The following is Kenelm Foster's entry on Catherine of Siena in The Westminster Dictionary of Christian Spirituality edited by G. Wakefield (Philadelphia: Westminster Press, 1983): pp. 80-81.  Kenelm Foster, OP, lectured in the Department of Italian at Cambridge University until 1978. 

Catherine of Siena, St.

 [Page 80:] Saint; born at Siena c. 1347, Catherine Benincasa was one of the many children of a Sienese dyer. At the age of twelve she vowed her virginity to Christ and at sixteen was admitted into a Dominican lay sisterhood. Later she was to tell her confessor, Raymond of Capua, OP, that she had never learned anything from men or women about the way of salvation, 'but only from the sweet bridegroom of my soul, the Lord Jesus Christ. 'Nevertheless her Dominican con- [page 81 begins here] nection was of utmost important, her two reasons.  First, it gave her extraordinary spiritual and intellectual apostolate the backing of a religious order of unsurpassed prestige and authority in the church. Secondly, the Dominican idea of 'communicating things contemplated' (Aquinas, Summa theol., 2a2ae. 188, 6;3a 40, 1 ad 2) exactly suited Catherine's approach to Christ as 'the sweet First Truth', the Word made flesh 'to give...knowledge of the glory of God' (II Cor 4.6; cf. John 1.18). We shall see presently how Catherine envisaged this gift of knowledge

    After three years of strict seclusion Catherine began her public life, probably in 1368, at the command, as she believed, of Christ himself. It falls into three periods: 1368 to the summer of 1374; thence to November 1378; then to her death on 29 April 1380. The first period, spent entirely in Siena, saw the formation round her of a 'family' of friends and disciples, both men and women, clerics and layfolk. This represented a shift in the direction and expression of her charity: hitherto concentrated on the poor and the sick, it became increasingly doctrinal as she grew more conscious of her vocation as teacher and counsellor.

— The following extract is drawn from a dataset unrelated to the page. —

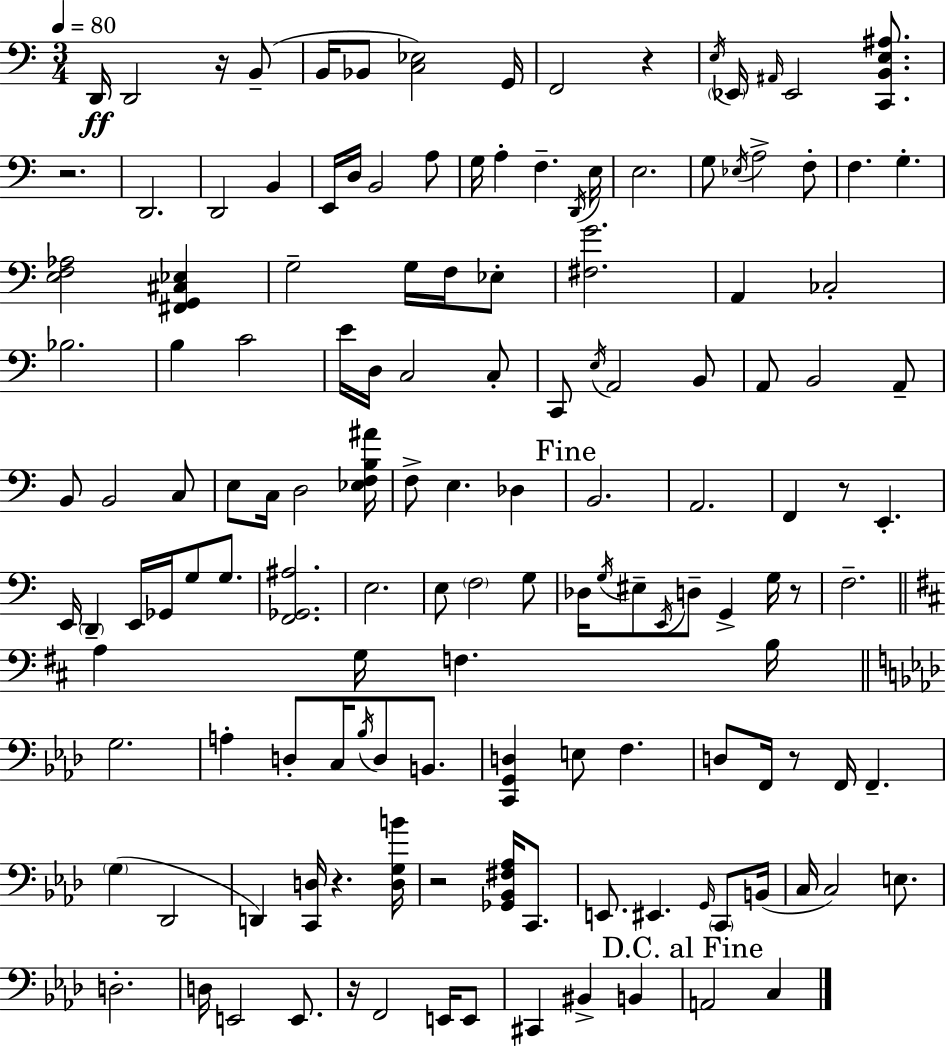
D2/s D2/h R/s B2/e B2/s Bb2/e [C3,Eb3]/h G2/s F2/h R/q E3/s Eb2/s A#2/s Eb2/h [C2,B2,E3,A#3]/e. R/h. D2/h. D2/h B2/q E2/s D3/s B2/h A3/e G3/s A3/q F3/q. D2/s E3/s E3/h. G3/e Eb3/s A3/h F3/e F3/q. G3/q. [E3,F3,Ab3]/h [F#2,G2,C#3,Eb3]/q G3/h G3/s F3/s Eb3/e [F#3,G4]/h. A2/q CES3/h Bb3/h. B3/q C4/h E4/s D3/s C3/h C3/e C2/e E3/s A2/h B2/e A2/e B2/h A2/e B2/e B2/h C3/e E3/e C3/s D3/h [Eb3,F3,B3,A#4]/s F3/e E3/q. Db3/q B2/h. A2/h. F2/q R/e E2/q. E2/s D2/q E2/s Gb2/s G3/e G3/e. [F2,Gb2,A#3]/h. E3/h. E3/e F3/h G3/e Db3/s G3/s EIS3/e E2/s D3/e G2/q G3/s R/e F3/h. A3/q G3/s F3/q. B3/s G3/h. A3/q D3/e C3/s Bb3/s D3/e B2/e. [C2,G2,D3]/q E3/e F3/q. D3/e F2/s R/e F2/s F2/q. G3/q Db2/h D2/q [C2,D3]/s R/q. [D3,G3,B4]/s R/h [Gb2,Bb2,F#3,Ab3]/s C2/e. E2/e. EIS2/q. G2/s C2/e B2/s C3/s C3/h E3/e. D3/h. D3/s E2/h E2/e. R/s F2/h E2/s E2/e C#2/q BIS2/q B2/q A2/h C3/q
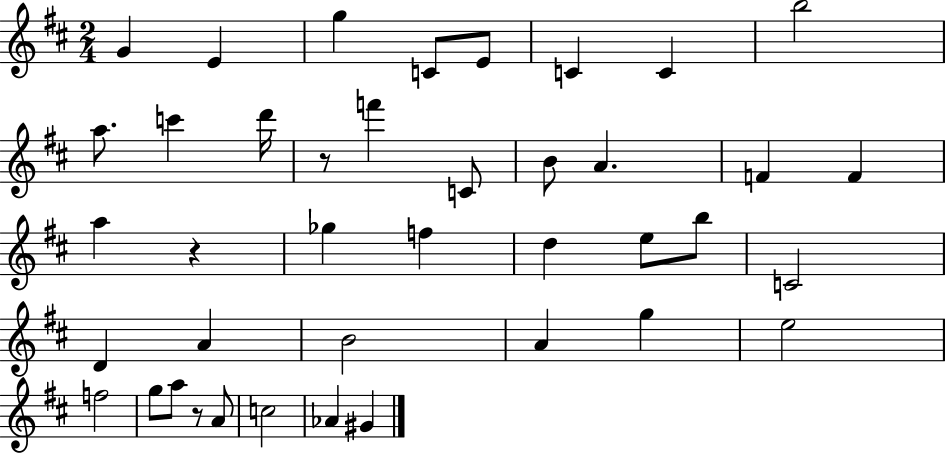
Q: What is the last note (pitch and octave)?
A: G#4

So the great series of her letters began (c. 1370), dictated to secretaries chosen from her 'family'. Before long these letters began to touch on public affairs, beginning with the contemporary project of a crusade against the Turks.  That issue receded, however, as Catherine became involved successively in two more urgent matters: the conflict between Florence and the Holy See, 1375 to July 1378, and the Great Schism, which began in September 1378. Both issues stimulated her intense desire for a reform of the church; but whereas in the former her chief immediate concern was to reconcile the Holy See with the Italian laity--with whose grievances she had much sympathy--once the Schism began every other consideration took second place in her mind to the unity of the church and the authority of Urban VI. Her first call was now to the clergy--a recall to obedience.  For her the indispensability of the church--and so its unity--consisted in this, that it is the medium through which the blood shed on the cross for sinful man is available to sinners individually. The church 'holds the keys of the blood', the blood 'reaches us through the ministers of Holy Church'. The church only exists in function of the Blood. And with this we return to that 'knowledge' of God that the incarnation, as she understood it, reveals. The God so revealed is Father, Son and Holy Spirit, but viewed especially in relation to man--as creator and, since man's lapse into sin, above all as recreator. This recreation works by love, the supreme manifestation of which is the blood shed on the cross. The way to God starts here--in an awareness of his love through that sign of it. But this awareness, Catherine never tires of insisting, presupposes self-knowledge.